Proposition pour une nouvelle forme de capitalisme

On dit le capitalisme au bord de l’asphyxie, au seuil d’une catastrophe.

Je propose une nouvelle forme de capitalisme reposant sur le principe suivant :
Faire que les investisseurs et les clients ne soient plus ni dissociés, ni opposés.

Dans ce nouveau modèle, les clients sont de facto des investisseurs, et les investisseurs de facto des clients.
Si l’opposition entre producteur et consommateurs est, in fine, une opposition entre investisseurs et consommateurs, dans cette nouvelle forme de capitalisme, l’investisseur et le consommateur sont le même.

Je prends un exemple :

Supposons que je sois le client, et Apple la société. Dans ce nouveau paradigme, je n’achèterai plus les produits d’Apple, mais des actions. En tant qu’actionnaire, je n’aurai plus à acheter les produits de cette société, ils me seront offert sous forme unitaire, ainsi qu’à tout investisseur.
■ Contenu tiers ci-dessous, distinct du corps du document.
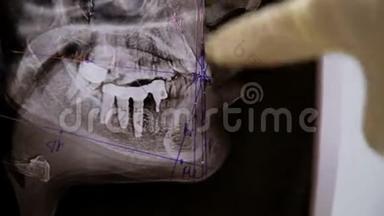 牙医展示了一个治疗牙齿横向x光的计划。 安装支架系统前的咨询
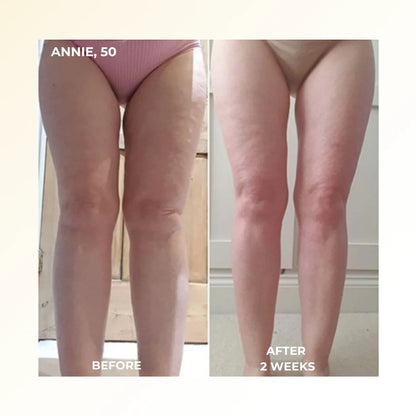 4-in-1 Fascia Full-Body Sculpting Blade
Là, vous vous dites certainement que cela ne peut pas marcher : car comment un industriel pourrait s’en sortir s’il se doit d’offrir ses produits ?
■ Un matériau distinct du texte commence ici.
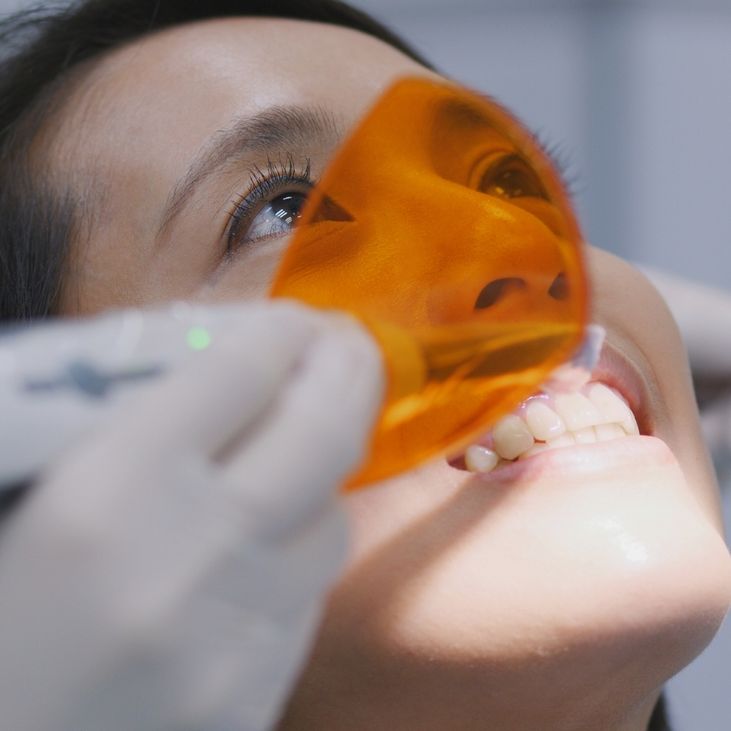 Restorations/Fillings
Il faut donc introduire une première distinction : la société devra proposer des catégories d’actions correspondantes à ses catégories de produits. On aura ainsi autant de types d’actions que de produits proposés par la société. Dans l’exemple d’Apple, si j’achète une action de catégorie « Mac Book Pro », j’aurai droit à ce produit mais pas aux autres produits que propose la société.

Dans ce schéma, le capitalisme purement spéculatif n’est plus viable. Il faut que l’utilité induite par le produit, ou le désir qu’il suscite, soient parties intégrantes de l’investissement en actions, sans quoi l’investissement risque de se faire à perte. L’investisseur heureux sera celui qui verra le cours de son action monter tout en jouissant de la pleine possession du produit correspondant.

Le nombre d’actions par produit est déterminé par le nombre de produits disponibles. Cela veut dire que seules les industries du numérique disposent d’un nombre d’actions total potentiellement infini.

Avec ce nouveau paradigme, le prix général des produits devrait mécaniquement baisser, stimulant ainsi la consommation.

Dans le cas de l’exemple où je suis un actionnaire d’Apple ; j’ai acheté une action Mac Book Pro à 1 000 €, je deviens donc possesseur de ce produit. Si Apple met un million d’actions sur le marché, cela implique qu’elle est en mesure de fournir un million d’unités de ce produit.
Si la demande pour ce produit augmente, les actions grimpent.

Deux possibilités s’offrent à moi :

  • Je décide de revendre mon action pour faire des bénéfices.

Dans ce cas je garde mon produit, dont je suis le propriétaire légal depuis l’achat de l’action correspondante. Je remets mon action sur le marché où elle est cotée 1 200 €. Je viens donc de réaliser un bénéfice (en prix constant) de 200 €, auquel il faut ajouter le droit de jouir du produit que je garde, mais que je peux aussi désirer revendre directement (sur eBay par exemple), sans passer par le marché des actions

  • Je décide de revendre mon produit mais de garder l’action.

Aucun problème, je passe mon annonce de vente sur eBay et je garde l’action, mais sans maintenir mon droit de propriété sur le produit. On retombe alors sur un schéma classique d’investissement spéculatif (mais qui n’a pu être possible qu’en passant par l’acquisition du produit correspondant à l’action).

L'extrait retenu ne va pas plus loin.